In the metals market, copper remained stable at $8,648, while nickel increased by 0.78%, reaching a new high since October. In contrast, zinc experienced a 0.66% decrease to $2,550. Reports indicated that the China Nonferrous Metals Industry Association is urging its members to enhance aluminium exports to counter domestic consumption slowdowns. Following an agreement in which Alcoa will acquire an Australian company, alumina prices surged by up to 7.7%. In the U.S., legislators are preparing to introduce a bill advocating for deep-sea mining, promoting responsible seabed resource utilization.
Iron ore markets demonstrated some stabilization, buoyed by positive developments among Chinese construction firms.

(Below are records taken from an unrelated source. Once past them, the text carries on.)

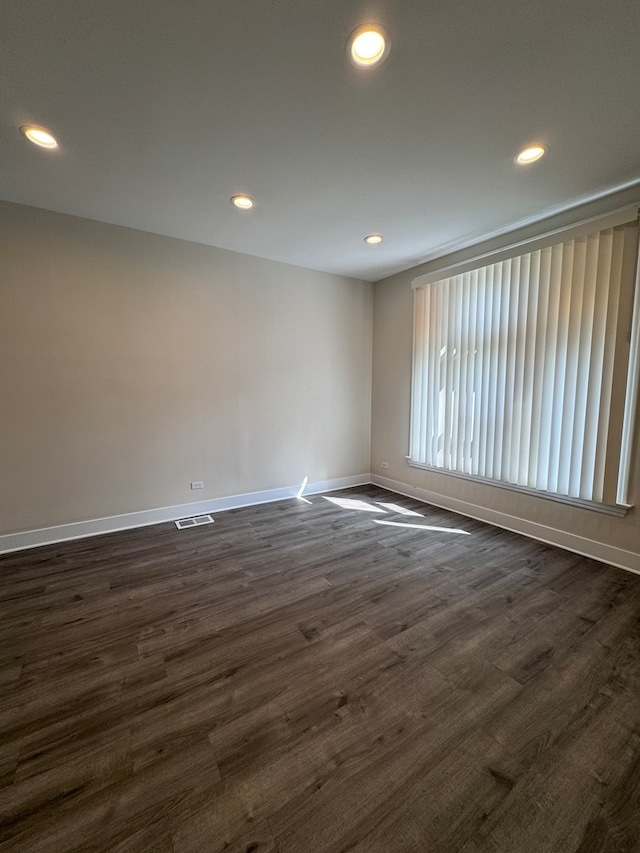 empty room featuring dark wood-type flooring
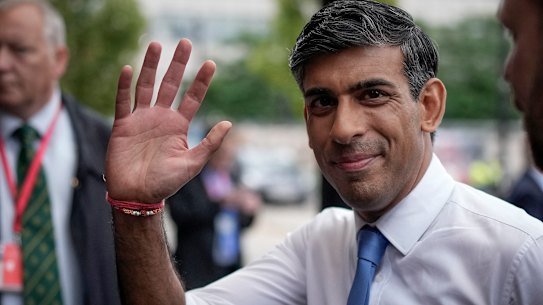 British Prime Minister Rishi Sunak walks to his hotel on the first day of the Conservative Part Conference at Manchester Central in Manchester.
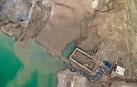 Imagen tomada el 1 de septiembre de 2022 desde un dron del viejo balneario de aguas termales que emerge en el pantano de Yesa por el bajo nivel del embalse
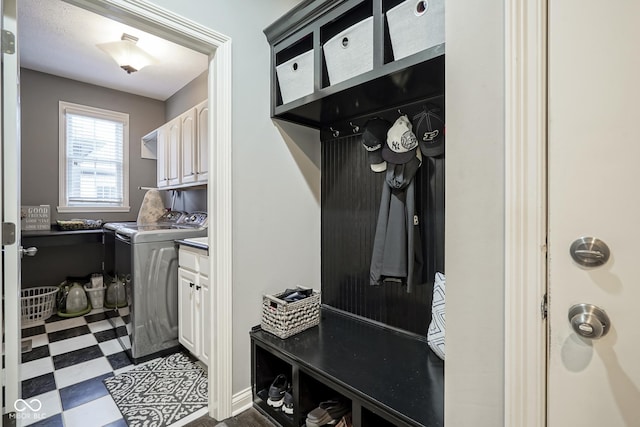 mudroom with washing machine and clothes dryer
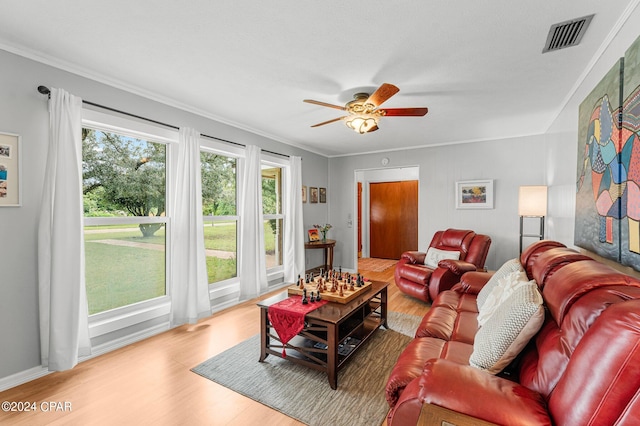 living room with light hardwood / wood-style floors, ceiling fan, and crown molding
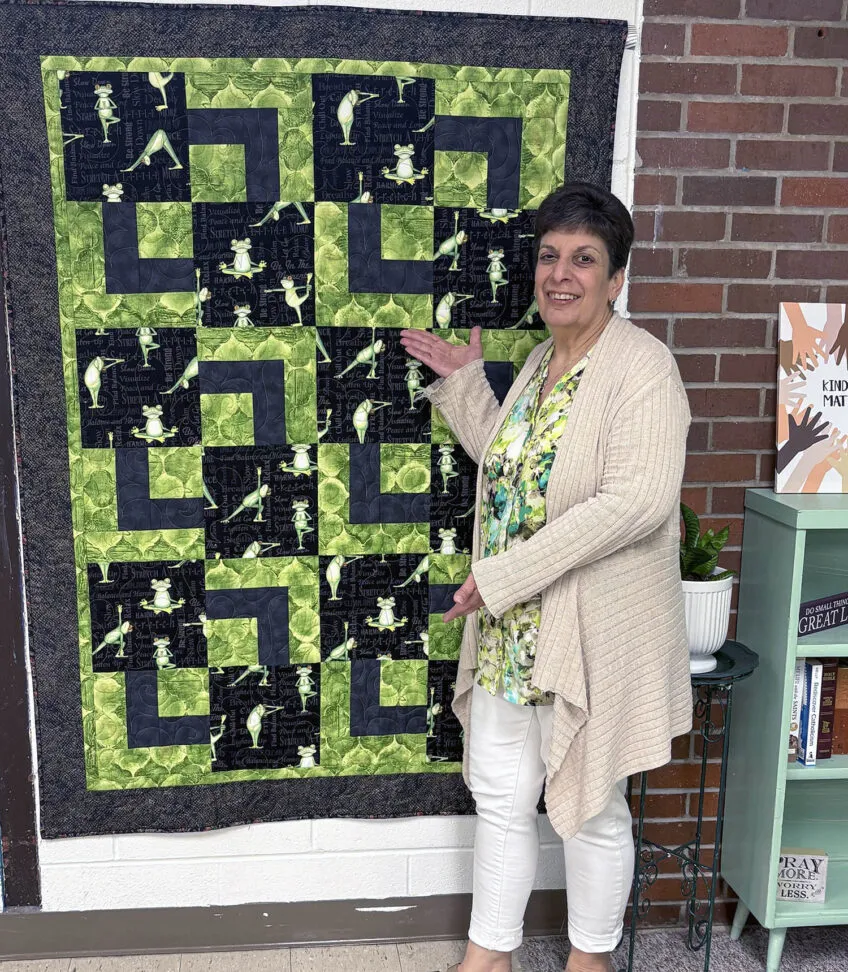 Woman standing in front of a hanging quilt with a green and black pattern background and images of yoga frogs
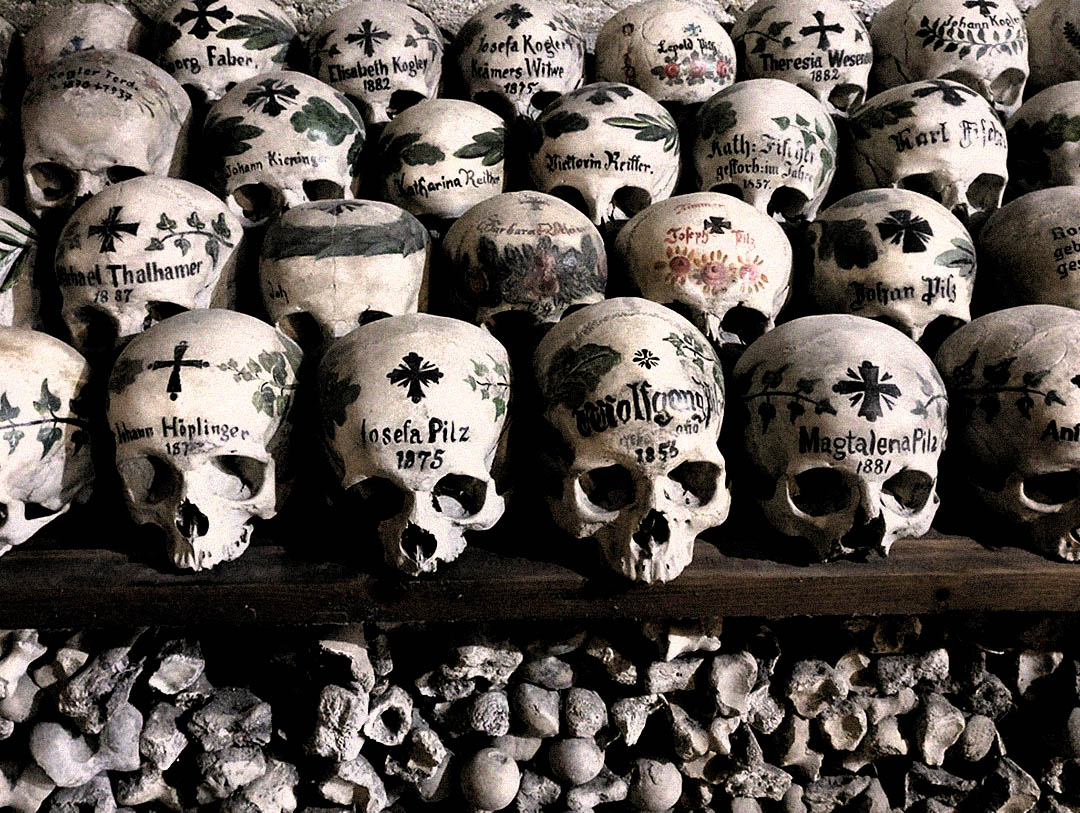 Painted skulls stacked inside Hallstatt’s Beinhaus charnel house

The April Singapore Exchange (SGX) contract slightly declined by 25 cents to $107.35, while the 62% Mysteel index increased by $2.20 to $110.75. Despite some positive movement, iron ore port inventories have consistently grown, marking a 30% rise from a three-year low last September. Iron ore prices have fallen about 25% from early January peaks. In corporate news, while Country Garden missed a bond payment, China Vanke engaged in debt-equity swap discussions to avoid its first bond default, with Moody's subsequently downgrading Vanke to junk status.